Pour l’équipe transculturelle que je dirige, la question de l’observation est abordée selon deux modalités : celle inspirée par Esther Bick permet grâce à l’attention, à la suspension de son jugement, d’explorer le bébé dans ses interactions avec son entourage. L’observation passe par la subjectivité de l’observateur : ses écrits sont ensuite partagés et interprétés par un groupe de thérapeutes de discipline différente.
La dimension anthropologique de l’observation permet d’inférer à l’enfant une forme d’agency. Ainsi le bébé est un partenaire, avec sa subjectivité et sa façon de s’exprimer et de communiquer dans une trame culturelle (Razy, 2019). L’observateur est impliqué dans les relations qu’il entretient avec lui, son ou ses parents ; il analyse le contexte de l’observation. Elle n’est donc pas neutre et tient compte de la déformation imposée par la présence du chercheur. Les pratiques culturelles sont également interrogées et pour notre équipe, l’impact de l’exil sur l’utilisation possible ou pas, de ces pratiques et leur évolution.
Cette pratique de l’observation nous sert quand nous sommes inquiets pour un bébé. Que voyons-nous, que peut-on en comprendre d’une éventuelle souffrance ? Comment l’articuler à ce que vit la mère dans un quotidien souvent contraint et exposé à la précarité ?
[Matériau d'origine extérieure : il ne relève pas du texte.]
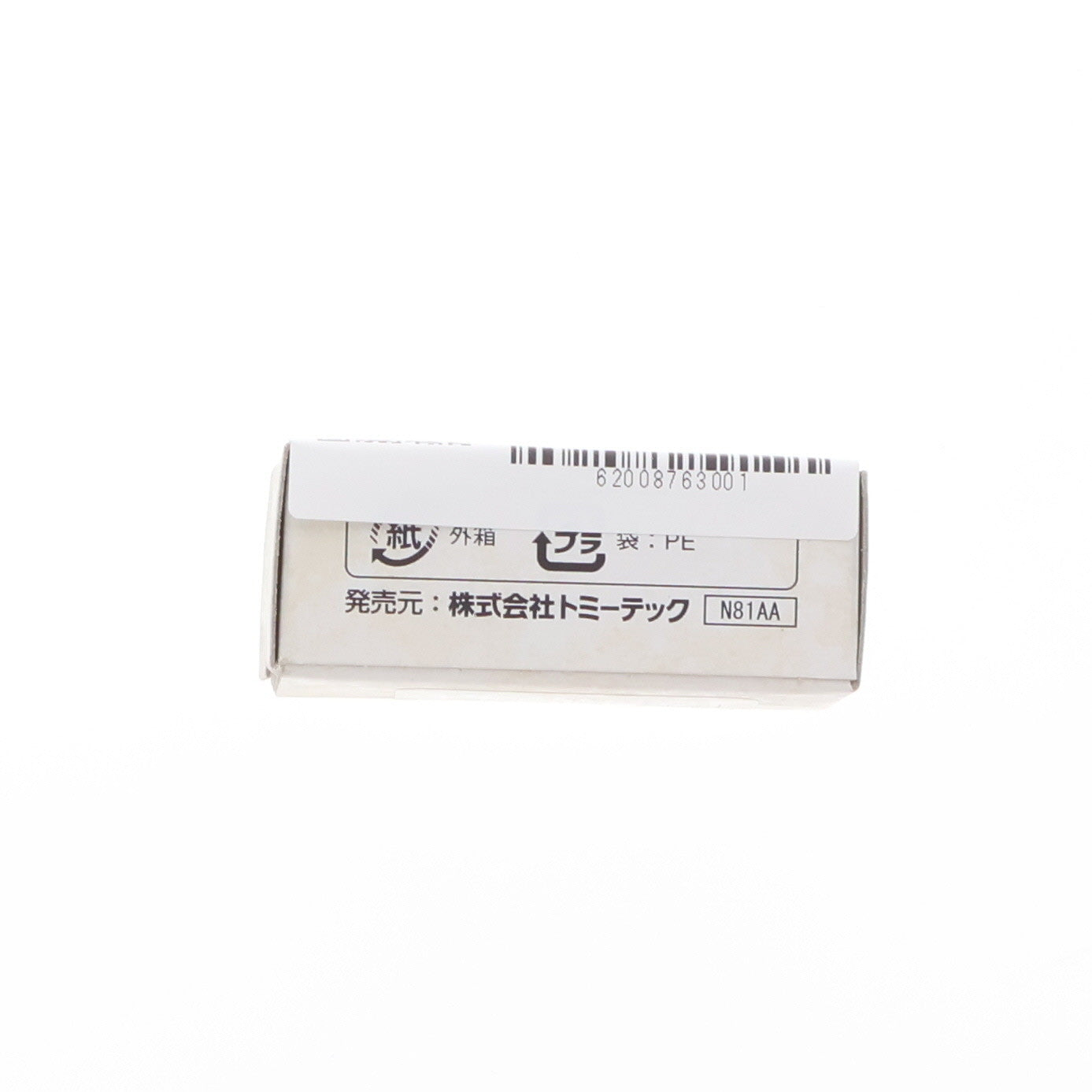 【中古即納】[RWM] 0235 PS35D形パンタグラフ(2個入) Nゲージ 鉄道模型 TOMIX(トミックス)(20111231)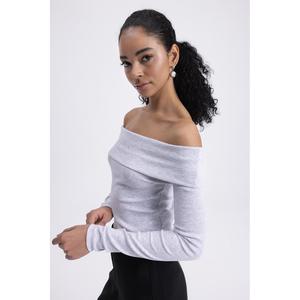 มาดอนน่า ยาคา อุสต์ - กรี - Product Image 5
L’observation qui suit illustre cet objectif : comment vit un bébé né dans l’exil et porté par une mère vivant un contexte de précarité ?
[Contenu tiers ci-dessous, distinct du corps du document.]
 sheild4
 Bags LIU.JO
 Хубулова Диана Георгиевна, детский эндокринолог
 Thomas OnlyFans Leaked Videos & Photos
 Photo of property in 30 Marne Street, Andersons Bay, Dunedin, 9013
C’est pourquoi, Sandra Marie-Thérèze, éducatrice et étudiante en master d’anthropologie, stagiaire dans la consultation transculturelle s’est attelée à partager une journée avec une maman.
Dans l’intimité d’une journée avec Mariama, Kelyane et Aaron par Sandra Marie Thérèse
En tant qu’Éducatrice de Jeunes Enfants en centre d’hébergement, entrer dans l’intimité familiale de mères et de leurs enfants, lors de « visites à domicile », était inscrit dans mon quotidien professionnel. La notion d’intimité mérite un temps de réflexion car il peut être complexe d’en définir les contours. Elle peut, de prime abord, se définir dans une opposition entre privé et public, espace privé, propre à chacun dans lequel se déploie le vécu personnel, les relations familières, familiales et sentimentales. Mais l’intimité est aussi une intériorité, une vie profonde, intérieure, des sensations, des émotions, des sentiments et des pensées.
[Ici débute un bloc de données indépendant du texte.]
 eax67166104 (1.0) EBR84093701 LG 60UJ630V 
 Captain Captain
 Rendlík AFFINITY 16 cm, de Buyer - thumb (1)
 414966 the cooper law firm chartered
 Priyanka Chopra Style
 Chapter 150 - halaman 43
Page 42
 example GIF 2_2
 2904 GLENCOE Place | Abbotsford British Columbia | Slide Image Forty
Intervenant auprès de familles migrantes précaires, l’entrée dans l’intimité se faisait, dans ce lieu, par l’accès à l’hébergement. Pour ces familles précarisées par des situations administratives qui les maintiennent en marge, la question de leur hébergement oscille entre opportunités et contraintes : opportunités d’accéder à un espace personnel, sûr et intime pour elles et leurs enfants et contraintes de devoir le partager et d’accepter le regard et les interventions de professionnels dans leur vie. Malgré tout, ce cadre spécifique d’hébergement et une certaine éthique du travail social, privilégiant relation de confiance et adhésion, ont toujours laissé le temps et la place à une entrée progressive dans l’intimité des familles. L’intimité c’est, en effet, aussi l’expérience partagée d’une relation de familiarité.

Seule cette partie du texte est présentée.